Interpret all statistics and graphs for Kruskal-Wallis Test

Find definitions and interpretation guidance for every statistic and graph that is provided with Kruskal-Wallis.

Average rank (Ave Rank)

The average rank is the average of the ranks for all observations within each sample. Minitab uses the average rank to calculate the H statistic, which is the test statistic for the Kruskal-Wallis test.

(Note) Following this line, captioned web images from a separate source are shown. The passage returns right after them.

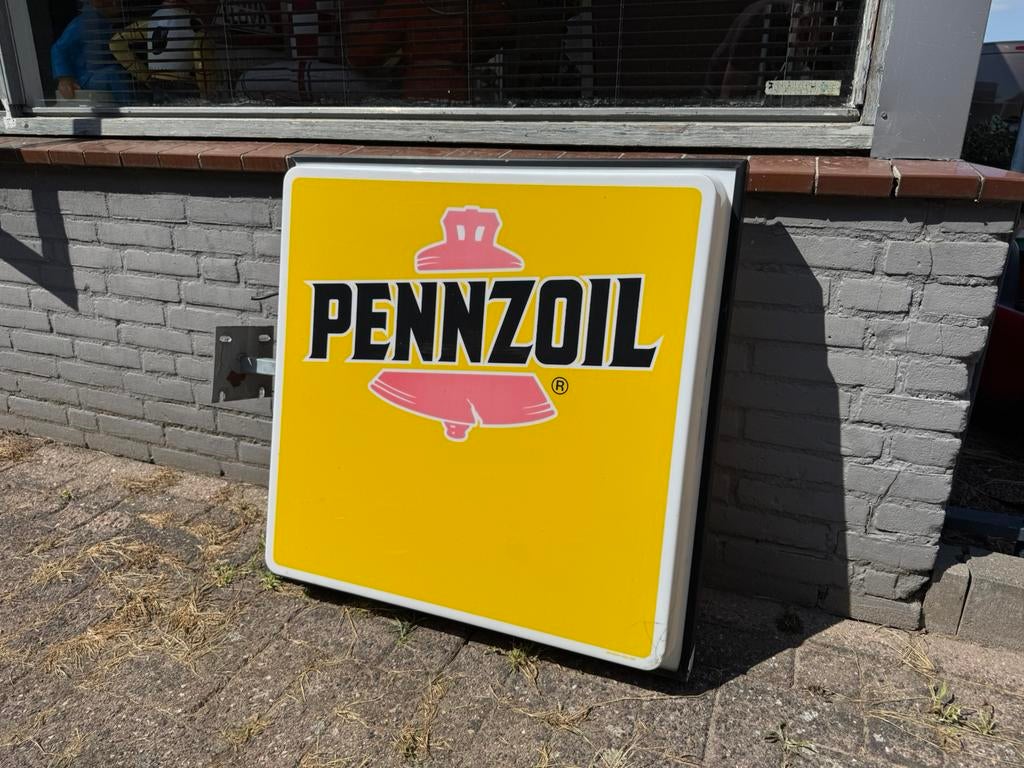 PENNZOIL oude reclame lichtbak, Verzamelen, Ophalen, Gebruikt, Lichtbak of (neon) lamp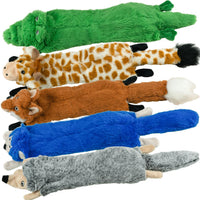 Dog Squeaky Toys No Stuffing 5 Pack, Plush Crinkle Dog Toys for Large Breed, Durable Doggie Chew Cute Animals Puppy Toy for Teething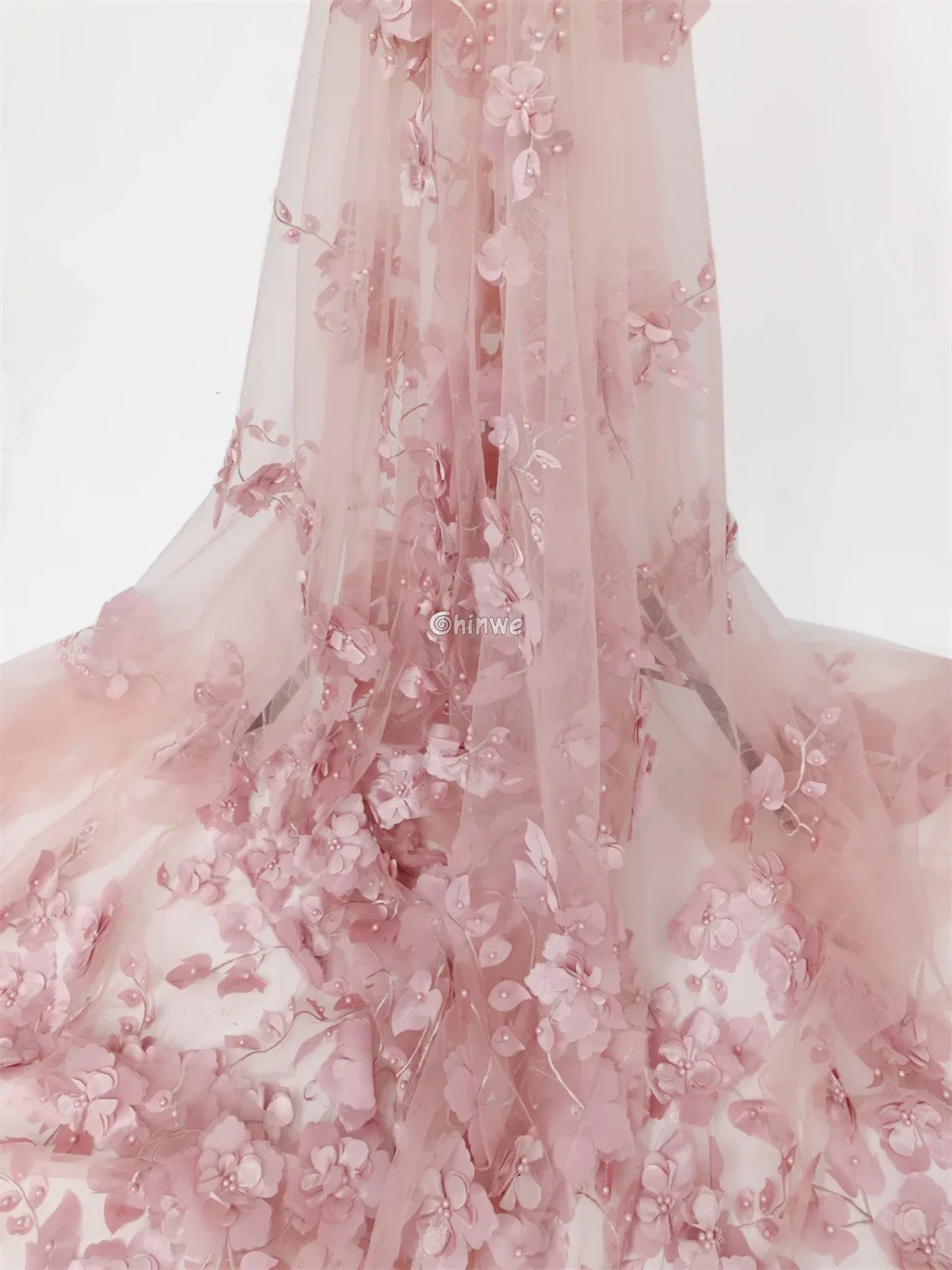 vory Blush Pink Peach & Scarlet Red 3D Floral Appliqué Mesh Lace with Beaded Embroidery
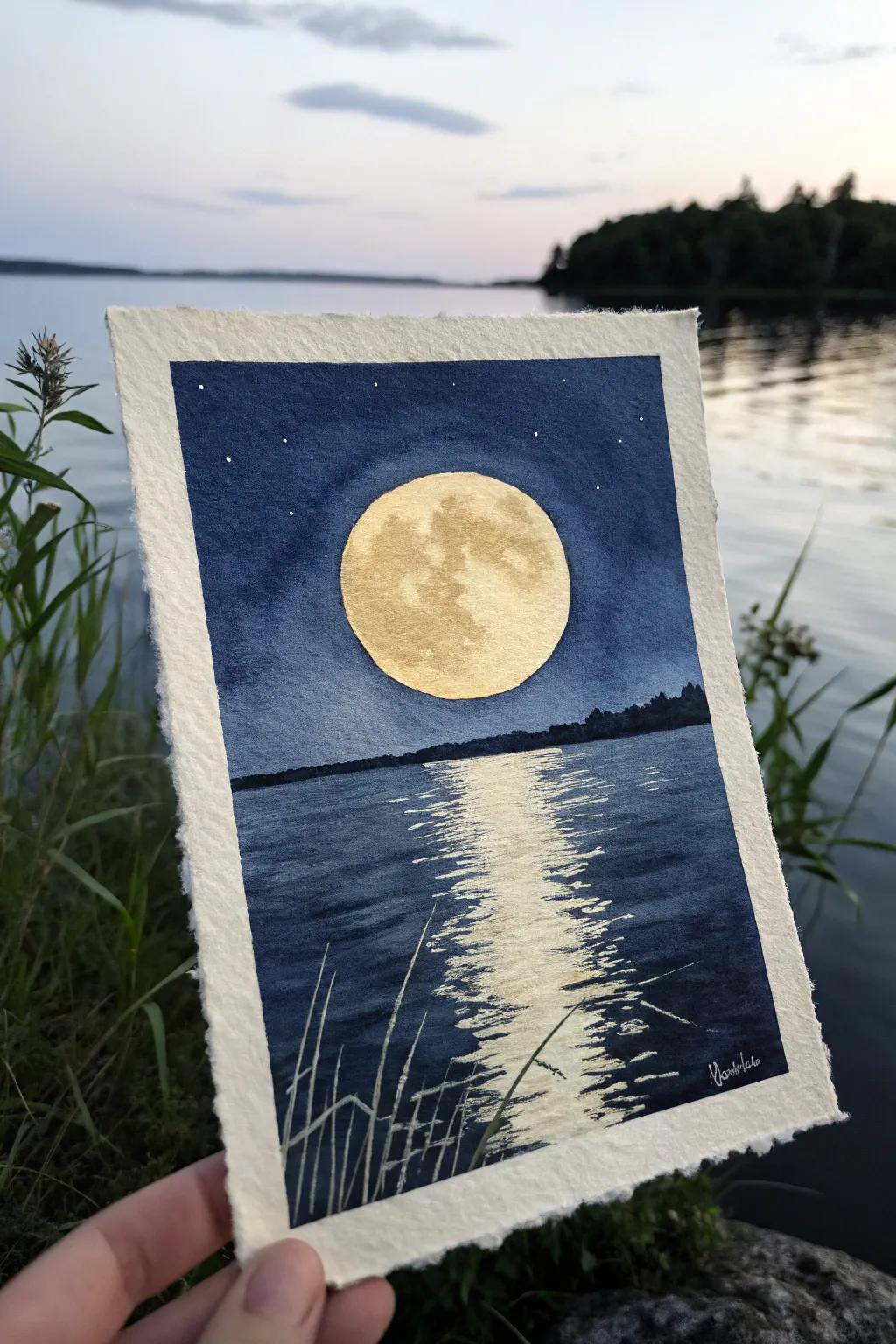 Minimal dark moonlit lake painting idea with a glowing full moon and simple reflection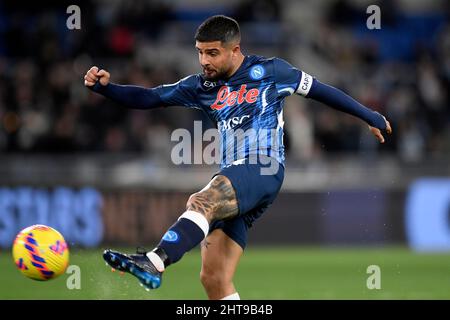 Roma, Italien. 27.. Februar 2022. Lorenzo Insigne vom SSC Napoli während des Fußballspiels der SS Lazio und des SSC Napoli im Olimpico-Stadion in Rom (Italien), 27.. Februar 2022. Foto Antonietta Baldassarre/Insidefoto Kredit: Insidefoto srl/Alamy Live News Stockfoto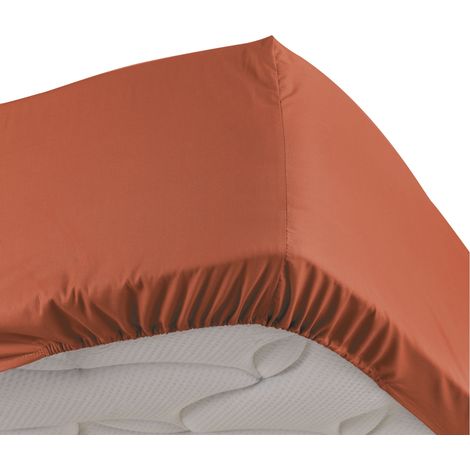 Douceur D'Intérieur – Drap housse 2 personnes 160 x 200 cm en percale de coton 78 fils – Bonnet 30 cm – Couleur terracotta pour lit double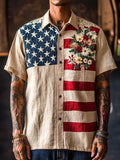 Men's Flag Inspired Floral Embroidered Linen Shirt artswardrobe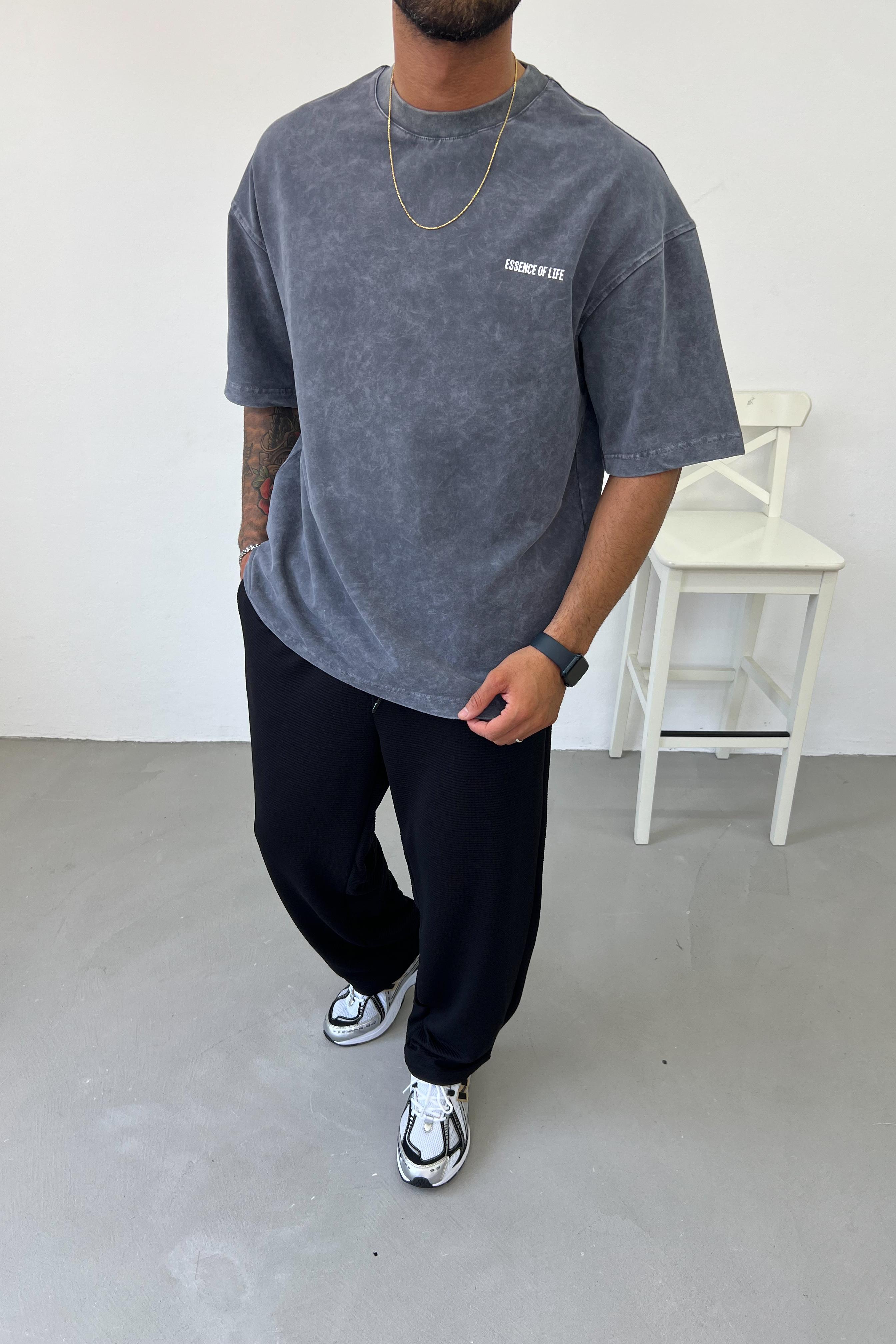 Essence of Life Yazılı Yıkamalı Oversize Tshirt 71-16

To calculate the average rank, Minitab ranks the combined samples. Minitab assigns the smallest observation a rank of 1, the second smallest observation a rank of 2, and so on. If two or more observations are tied, Minitab assigns the average rank to each tied observation. Minitab calculates the average rank for each sample.

Interpretation

When a group's average rank is higher than the overall average rank, the observation values in that group tend to be higher than those of the other groups.

Boxplot

A boxplot provides a graphical summary of the distribution of each sample. The boxplot makes it easy to compare the shape, the central tendency, and the variability of the samples.

Interpretation

Use a boxplot to examine the spread of the data and to identify any potential outliers. Boxplots are best when the sample size is greater than 20.

Skewed data

Examine the spread of your data to determine whether your data appear to be skewed. When data are skewed, the majority of the data are located on the high or low side of the graph. Skewed data indicates that the data might not be normally distributed. Often, skewness is easiest to detect with an individual value plot, a histogram, or a boxplot.

Right-skewed
Left-skewed

The boxplot with right-skewed data shows average wait times. Most of the wait times are relatively short, and only a few of the wait times are longer. The boxplot with left-skewed data shows failure rate data. A few items fail immediately, and many more items fail later.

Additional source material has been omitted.